§ WHAT YOU ARE ASKED TO DO
Leave every picture out and return the rest of the listing verbatim.

§ SUPPLIED DATA
|---|

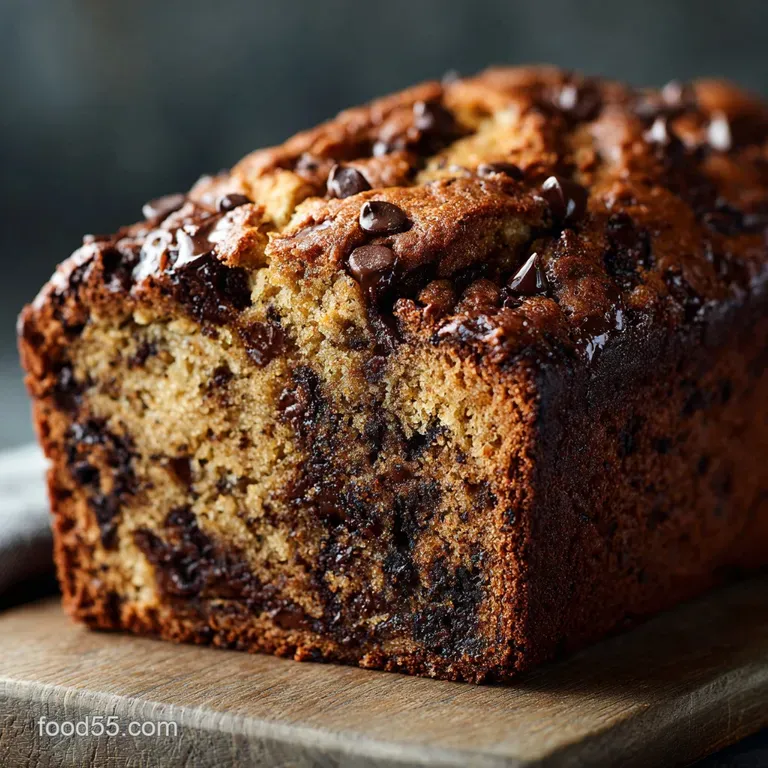 Chocolate Chip Banana Bread: The Ultra-Moist Proper Cuppa Companion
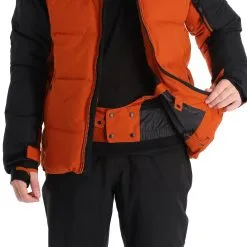 Dare2b, Denote II Skijacke Herren Burnt Brick Braun, Schwarz -Icepeak Geschaft dare2b denote ii aa jas gevoerd heren burnt brick bruin zwart 22dare2126v1 BI 09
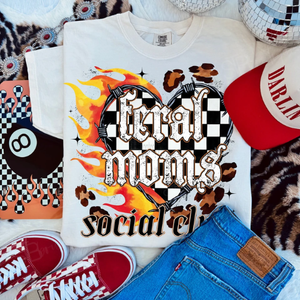 Feral Moms Social Club Tee - Preorder - STB Boutique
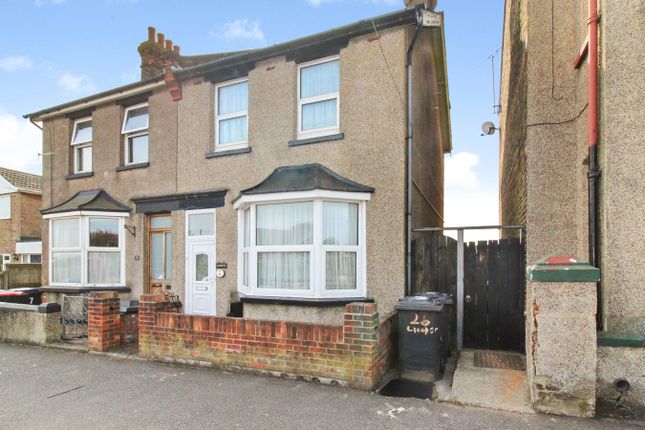 Thumbnail Semi-detached house for sale in Fleetwood Avenue, Herne Bay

|---|

§ YOUR RESPONSE
 Chocolate Chip Banana Bread: The Ultra-Moist Proper Cuppa Companion
 Dare2b, Denote II Skijacke Herren Burnt Brick Braun, Schwarz -Icepeak Geschaft dare2b denote ii aa jas gevoerd heren burnt brick bruin zwart 22dare2126v1 BI 09
 Feral Moms Social Club Tee - Preorder - STB Boutique
 Thumbnail Semi-detached house for sale in Fleetwood Avenue, Herne Bay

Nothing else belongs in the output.